In the selection of empiric therapy for infections of the female genital tract and intraabdominal infections in humans, the requisite information includes (1) the frequency of isolation of bacterial species dominant in the normal gastrointestinal and female genital tracts and in intraabdominal and female genital tract infections and (2) the in vitro susceptibilities of the dominant species to drugs that may be used against them (e.g., penicillin G, cefoperazone, cefoxitin, chloramphenicol, clindamycin, and metronidazole). The predominant bacteria in fecal contents are not necessarily those most frequently found in infections. Intraabdominal and perirectal infections are usually polymicrobial, resulting from mixtures of facultative species (coliforms and streptococci) and anaerobes. The predominant bacteria of the normal vagina and cervix are lactobacilli, facultative streptococci, Peptococcus species, and Peptostreptococcus species.

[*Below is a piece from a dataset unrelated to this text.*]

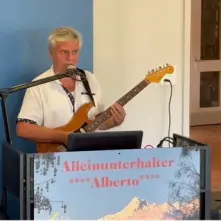 1.August Wohnsiedlung Kreuz Uster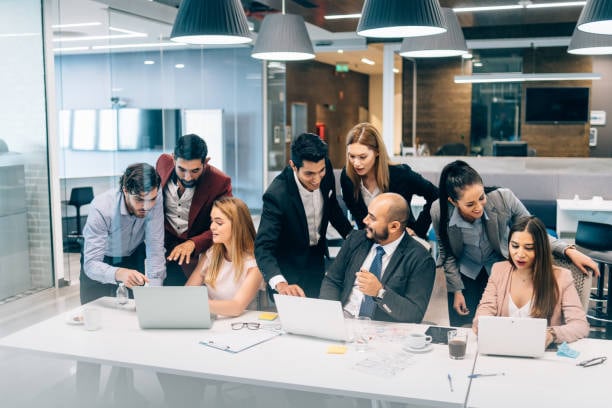 En Perú, existen empresas que han implementado estrategias efectivas de engagement, como la entrega de mayores beneficios a los colaboradores. (Foto: iStock)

Most infections of the female genital tract are due to mixtures of facultative enteric bacilli, streptococci, and anaerobes (Peptococcus and Peptostreptococcus species, Bacteroides fragilis, Bacteroides disiens, Bacteroides melaninogenicus, Bacteroides bivius, and Bacteroides asaccharolyticus). Of the antibiotics tested, clindamycin appears the most active against many of the groups of bacteria isolated.